Caroline Glick being touted for UN ambassador post

A look at Glick's election adventure.

Caroline B. Glick (photo credit: JPOST STAFF)
Caroline B. Glick
(photo credit: JPOST STAFF)
The New Right Party of Naftali Bennett and Ayelet Shaked fell 1,454 votes short of crossing the electoral threshold, but its sixth candidate Caroline Glick expressed confidence that she carried her weight.
In her first interview since the April 9 general election, Glick noted that she helped the New Right win the most votes in her hometown of Efrat, as well as other Anglo strongholds across the country.
“Obviously, I am very disappointed with the overall results of the election, but I am satisfied with my team winning in Gush Etzion and winning Efrat by 10% over the Likud,” she told The Jerusalem Post.
“I had never been in a campaign before, so I am satisfied. With all the disappointment, I can’t see this as anything but successful for me.”
Glick said she had nothing negative to say about her party leaders Bennett and Shaked, and that the country has lost out on their not being in the next cabinet after they succeeded so much in the outgoing government.
“It’s a real shame, because Naftali and Ayelet were really good ministers in their jobs,” Glick said. “She mainstreamed the need for judicial reform that I had been writing about for 15 years. Israelis didn’t understand [that] before. 
“Naftali gave students opportunities they never had. Israel is worse off without them as ministers.”
Bennett and Shaked made Glick their No. 1 draft pick, announcing her as their first candidate after forming the new party. 
They relied on a poll by international strategist Moshe Klughaft that found that Glick could bring in more votes from English speakers than any other potential candidate.

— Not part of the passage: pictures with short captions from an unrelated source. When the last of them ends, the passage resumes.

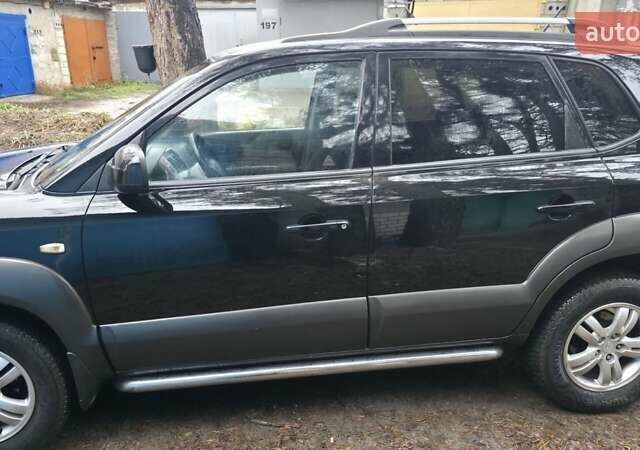 Чорний Хендай Туксон, об'ємом двигуна 2 л та пробігом 207 тис. км за 8200 $, фото 3 на Automoto.ua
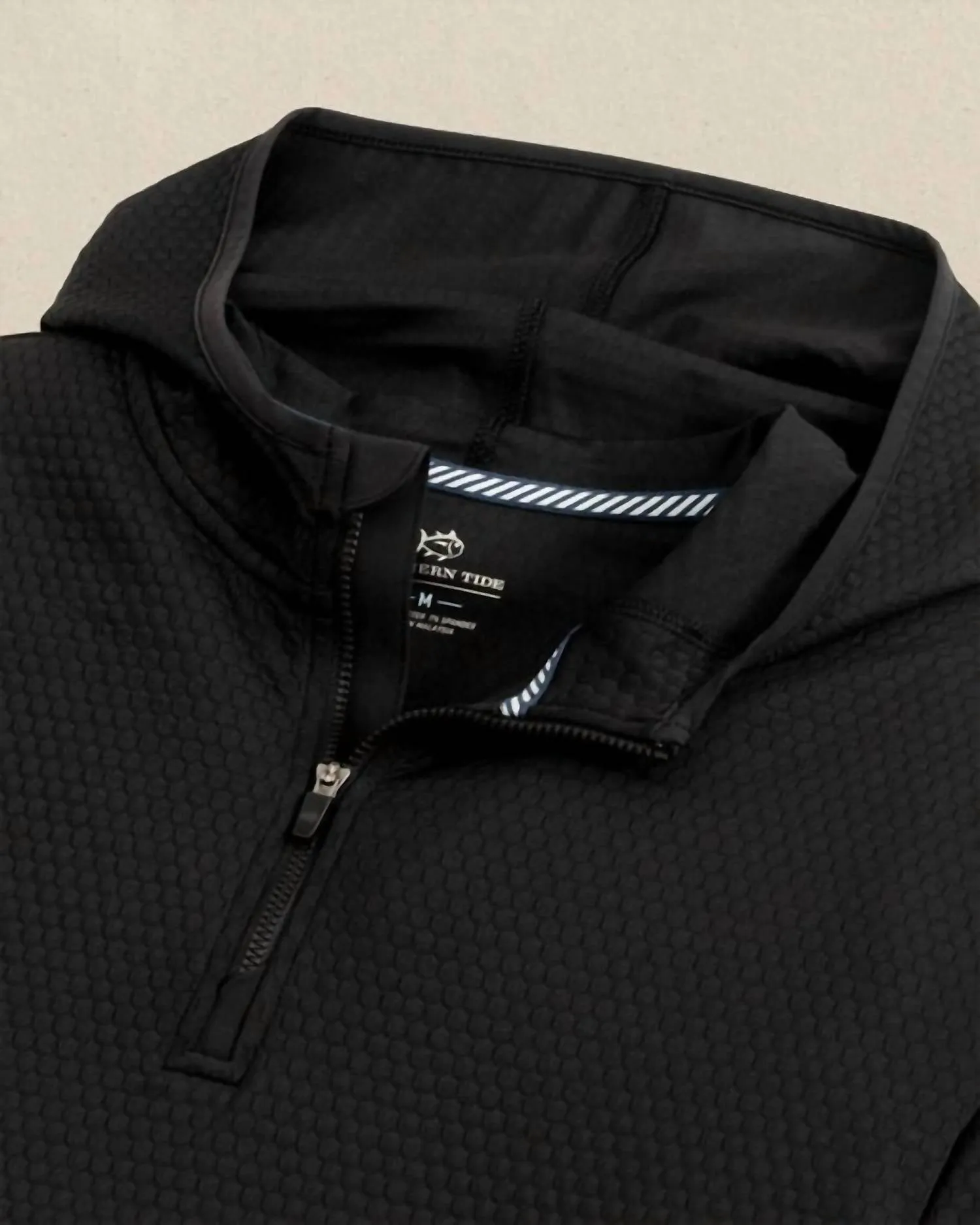 Scuttle Hoodie Performance Quarter Zip In Caviar Black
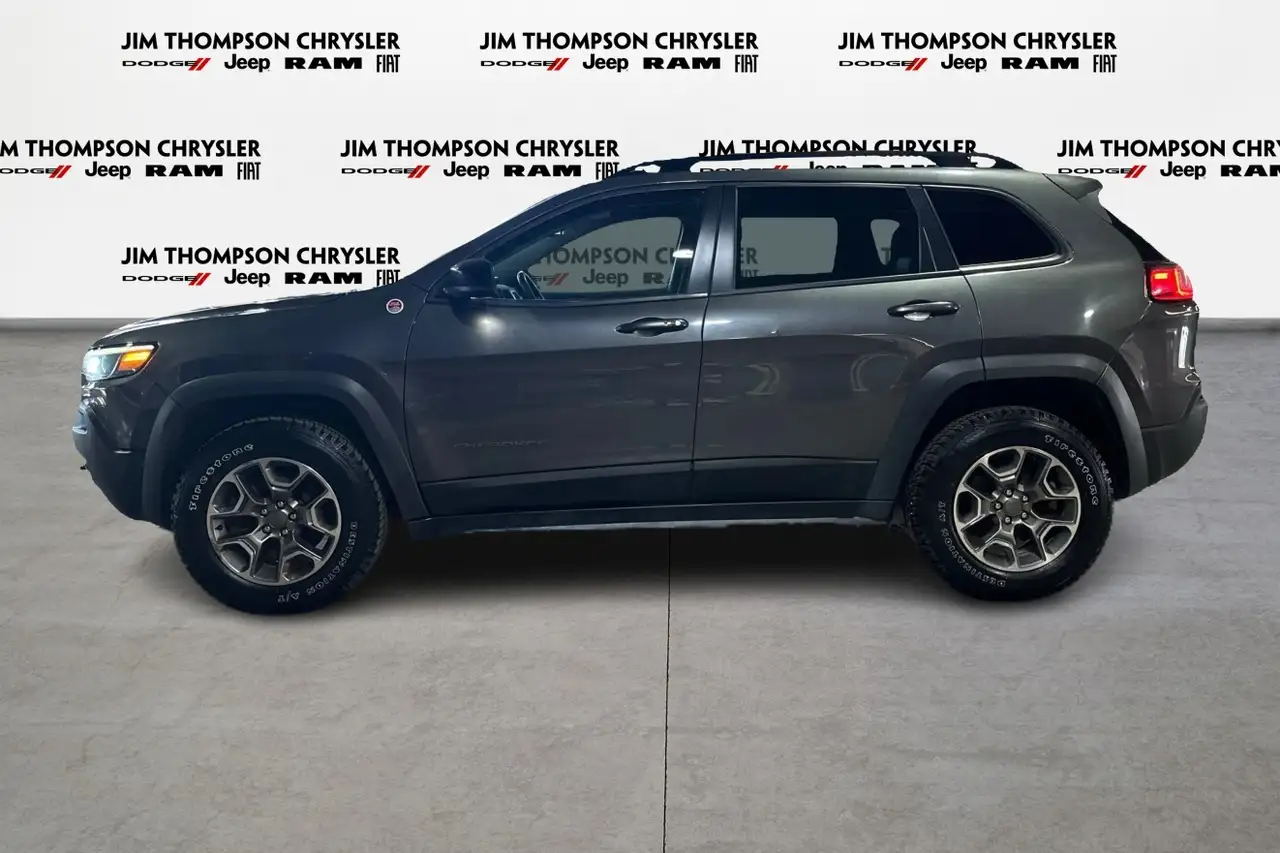 Jeep Cherokee снимка Jeep Cherokee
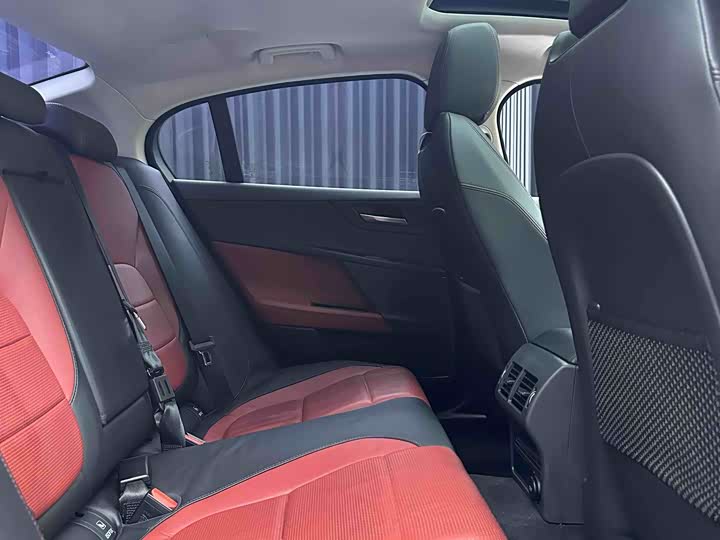 Jaguar XE 2015 2.0 T 200 PS R-Sport — фото 15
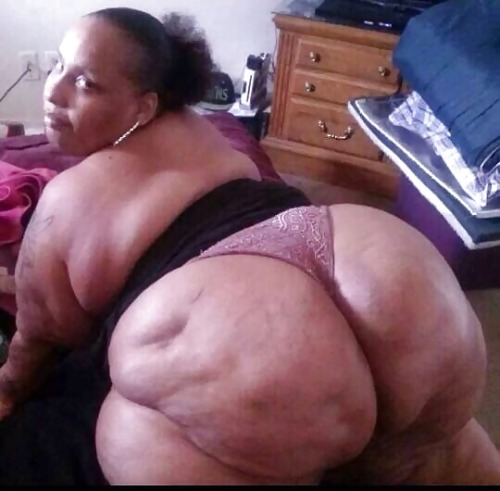bigpapitaz: #BackShots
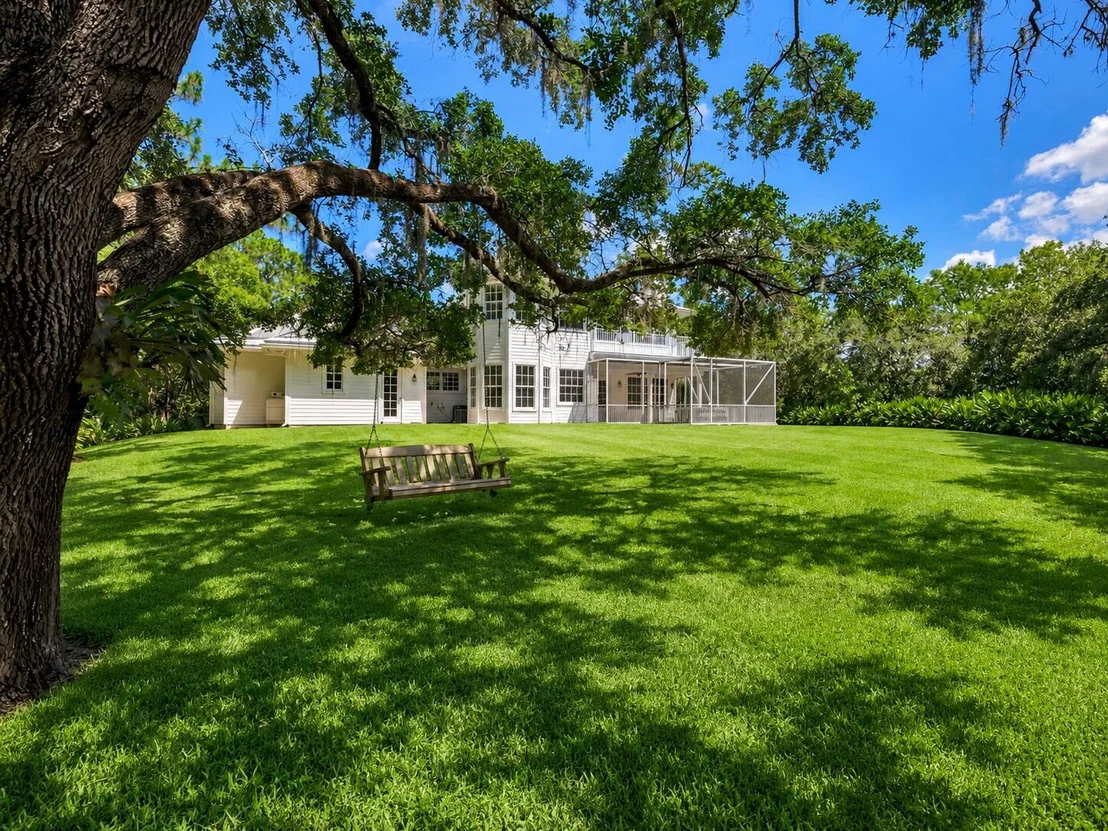 Photo of 1001 SE Ranch Road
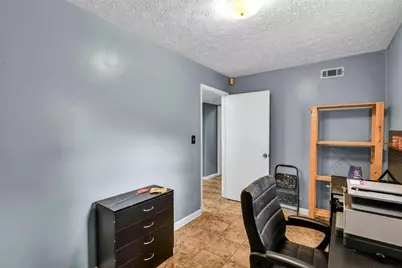 270 Amberwood Drive NW, Lawrenceville, GA 30044 - Photo 26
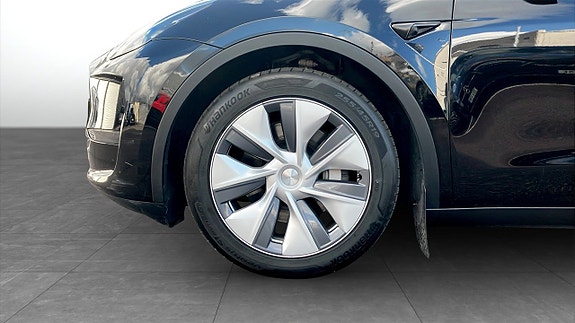 Tesla Model Y 9 of 10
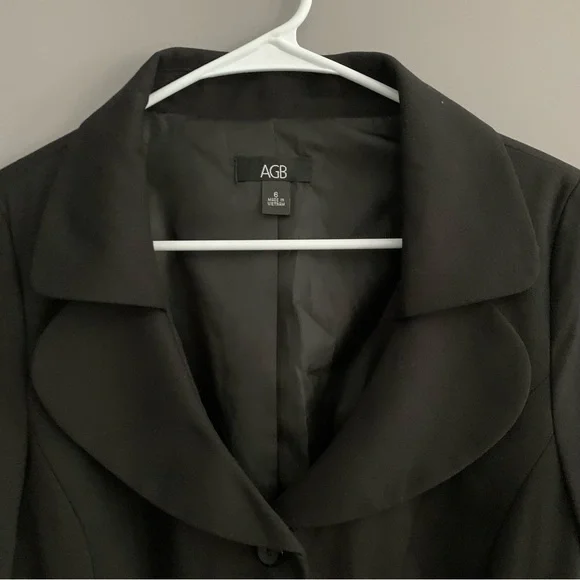 AGB Size 6 Black Blazer - Picture 2 of 12
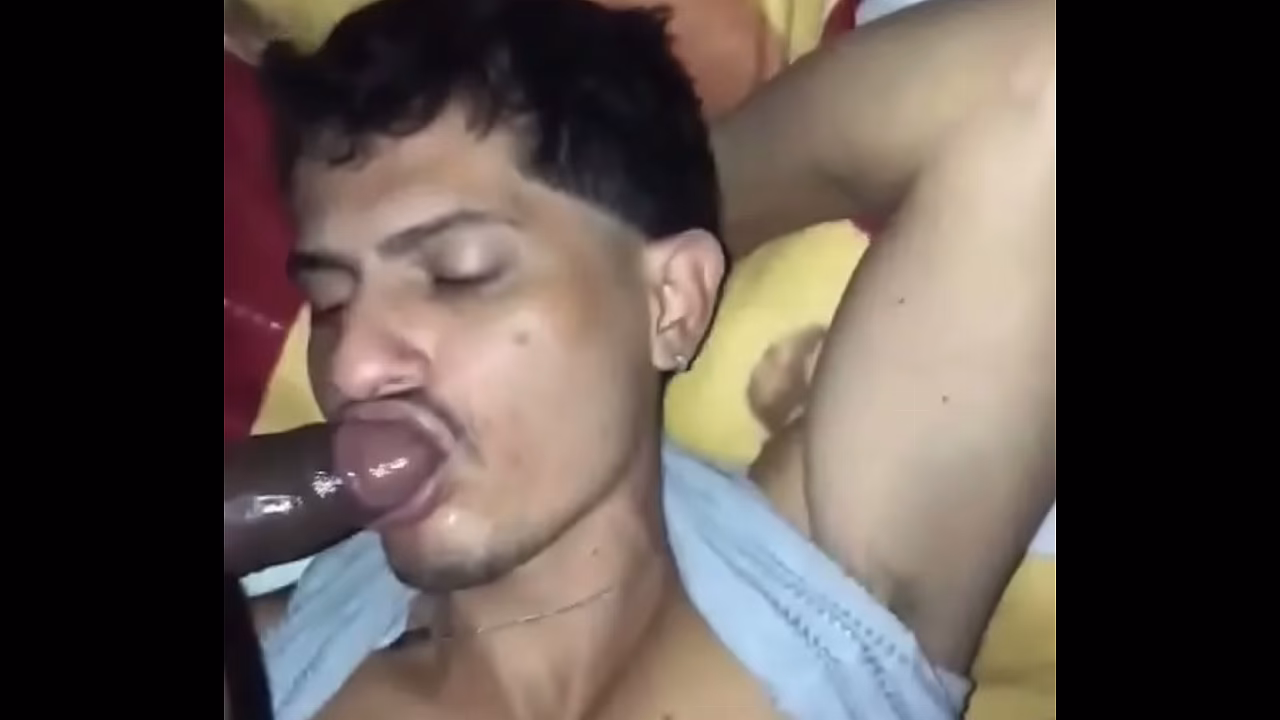 Vi um megao pauzudo mijando na linha do trem e ele ficou balan&ccedil;ando o pau duro pra mim, mamei gostoso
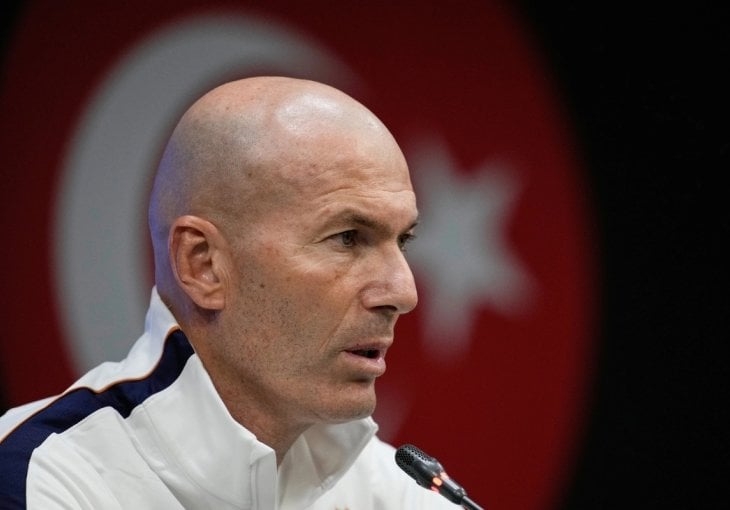 Zidan nakon prvog remija na klupi Francuske poslao jasnu poruku: "Razočaran sam" Prvi kiks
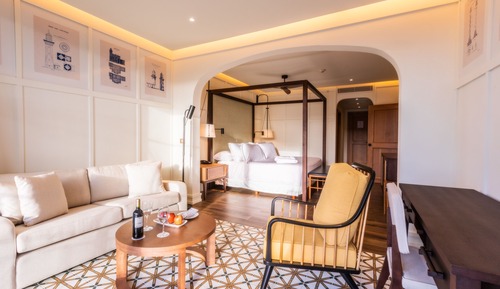 Junior Suite Swim Up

Glick’s Anglo campaign produced 49 English-language events in 60 days, including five mass events, 18 parlor meetings and nine election panels. 
Glick also participated in Hebrew-language panels and events with a large Anglo presence that were sponsored by organizers, such as the Ruderman Foundation, StandWithUs and the Geneva Initiative.
A Houston native raised in Chicago, Glick said there was a direct connection between the places where she campaigned and the overall total votes.
Anglos turned out to be one of the largest bases for the party, winning 33% of the vote in Efrat.
Prime Minister Benjamin Netanyahu’s Likud had 2,596 voters in Gush Etzion in 2015 compared with 2,377 in 2019 – because of the New Right’s success there, even though Likud went up five seats nationally.
In Modi’in, Ra’anana and Ginot Shomron, the party finished in third place behind Likud and Blue and White.
It also did well in Mevaseret Zion, home of Glick’s campaign manager Jeremy Saltan, whom she praised for teaching her to be an effective candidate.
Glick said she was continually impressed by the large audiences who turned out for her events. 
She credited her staff members and volunteers, who were told over and over again that people would be more likely to vote for her party if she was higher on the list.
 “The reaction we got most was people saying: ‘I hope you don’t get in so you can go back to writing your articles in the Post,’” said Matanya Harow, an Efrat resident who was a very active volunteer for Glick’s campaign. 
“She has this phenomenal ability to articulate things. She would have been able to achieve more than any other new MK. 
“The future is bright for her. She still might be an MK later or an ambassador. This whole experience has just given her another layer of depth.”
Glick said she was glad that, thanks to the campaign, she got out key messages about the need for legal reform and applying Israeli law to Area C, which she had repeatedly featured in her Post columns.
“As a writer, I was heartened beyond belief when at the end of the campaign, Netanyahu talked about applying Israeli law to Judea and Samaria,” she said.
“I would feel even more vindicated if the Trump plan won’t call for two states – after 19 years of writing – so we won’t go back on the merry-go-round from Elm Street.
“Nothing is more vindicating than what I wrote in 2013 being adopted in 2019 by leaders of Israel and the United States.”
Glick expressed satisfaction that the threshold was not crossed by the Zehut Party of former Likud MK Moshe Feiglin, who she called “detestable” and whose platform she called “irrational.”
As she did during the campaign, Glick praised Netanyahu, who she said has done a great job as prime minister. She said she backs passing a law to make it illegal to try a sitting prime minister.
“The cases against him are based on legal theories that don’t exist,” she said.
There are now people pushing Netanyahu to appoint Glick as the next ambassador to the United Nations. 
Harow said that the United Nations would be a great place for her to represent the country as an ambassador.
“If he asked me, I would say yes,” Glick said, “because the kind of defense of Israel I’ve done for 19 years in my writing is what Israel deserves at the UN.”